Your response to the data below should hold nothing except the lines from the one containing "Painter in blue" down to the one containing "Pizza mit Tomaten, Champignons und Rucola", reproduced exactly and without pictures.

#### SUPPLIED DATA:
........

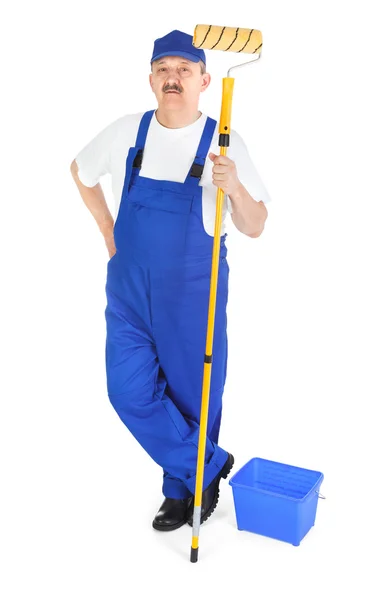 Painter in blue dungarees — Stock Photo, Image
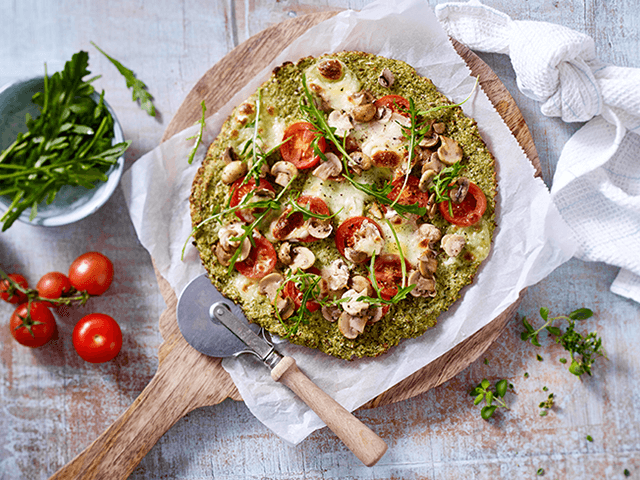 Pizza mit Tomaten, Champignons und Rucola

........

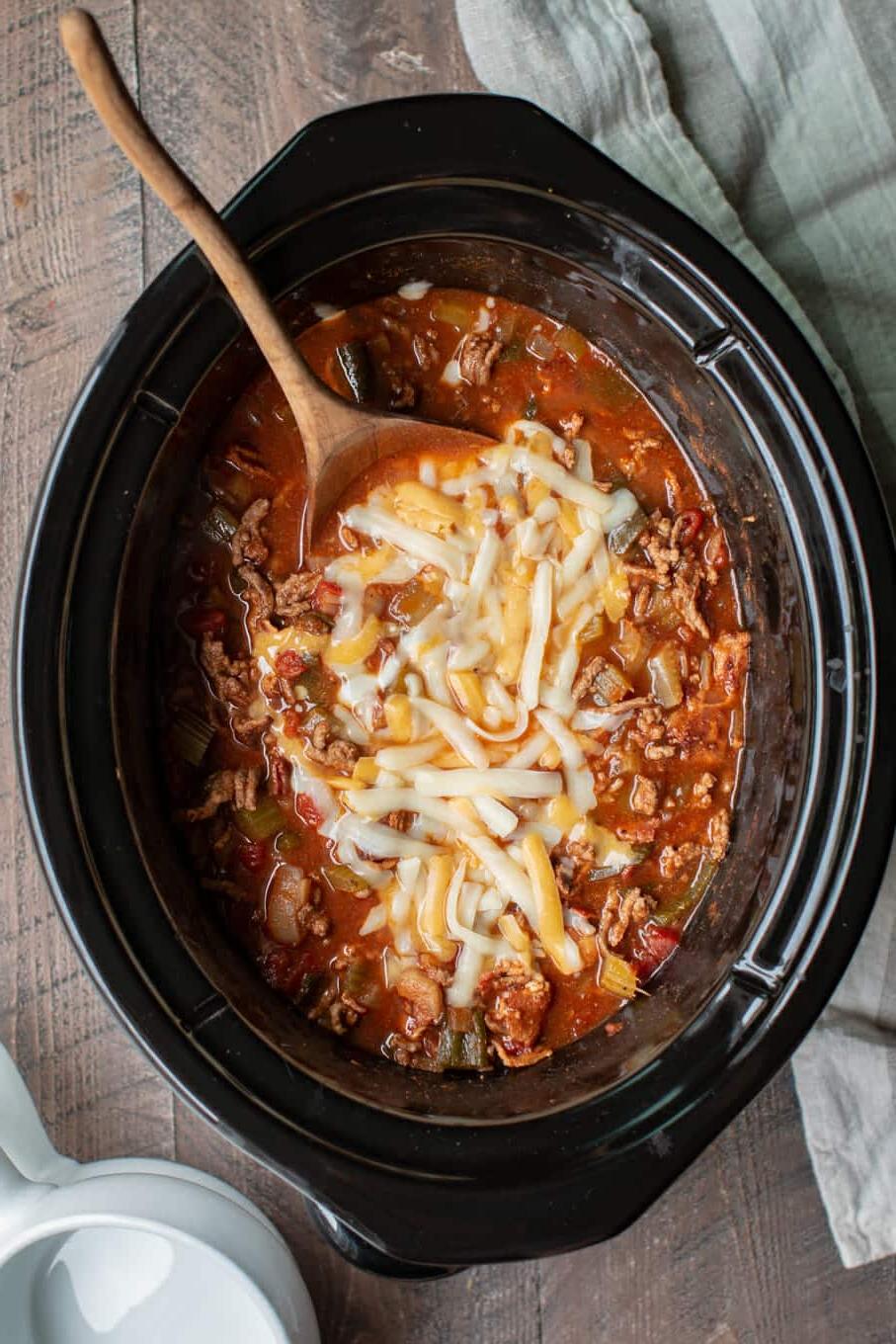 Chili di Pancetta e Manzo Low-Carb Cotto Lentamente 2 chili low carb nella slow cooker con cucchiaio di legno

........

#### SOLUTION FOR THIS TASK:
 Painter in blue dungarees — Stock Photo, Image
 Pizza mit Tomaten, Champignons und Rucola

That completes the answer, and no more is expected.